Final Race Victory Secures Upset

Crimson FILE Photo

With finals looming, the Harvard men’s swimming and diving team passed its toughest non-conference exam of the season last Saturday, upsetting No. 21 North Carolina (UNC) in Chapel Hill 157-143.

The Crimson (4-0, 3-0 EISL) staked itself to its largest lead of the meet with just five events remaining, but the Tar Heels (4-3, 1-0 ACC) stormed back, capturing first place in three straight non-diving events. Harvard's lead had been slashed to just five with only the 400-yard freestyle relay remaining and enough points up for grabs to hand either team the overall victory.

But that was as close as the Tar Heels would come to reclaiming the lead lost seven events into the meet.

“Historically our 400 free relay hasn’t been strong,” senior Rassan Grant said. “But this year it’s great. The guys fed off the energy in the arena.”

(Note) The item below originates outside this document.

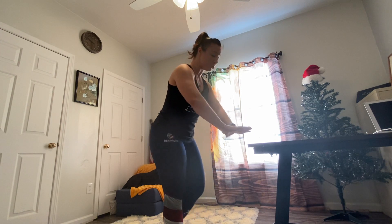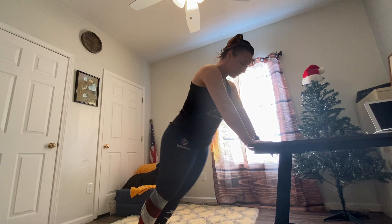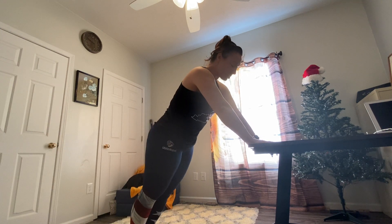I want to make sure whatever height that you use is between your knees and your hips. Nothing above it, nothing below that. Our hands are gonna go at the edge. No booties sticking up, no bellies hanging forward, so just tight body squeeze.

Sophomore David Cromwell, swimming the first leg for Harvard, fell behind early and trailed by 0.39 seconds heading into his last 50 yards. But Cromwell erased that deficit on the home stretch, seizing a 0.98 second lead by the time he touched the pad.

Co-captain Kemi George, second on the relay team, extended the lead by 0.73 seconds before junior Andrew Krna and sophomore Mark Knepley secured the win with times of 45.77 and 45.03 seconds, respectively, giving the team an overall finish of 3:02.26—2.38 seconds faster than UNC’s ‘A’ relay.

“The four of us were talking beforehand and we knew that it was coming down to this relay,” George said. “As exciting and nerve-racking as that might be, it’s likely that our big meets this season—H-Y-P, Easterns—will come down to races like this...Our mentality was that this was just a rehearsal for the rest of the season.”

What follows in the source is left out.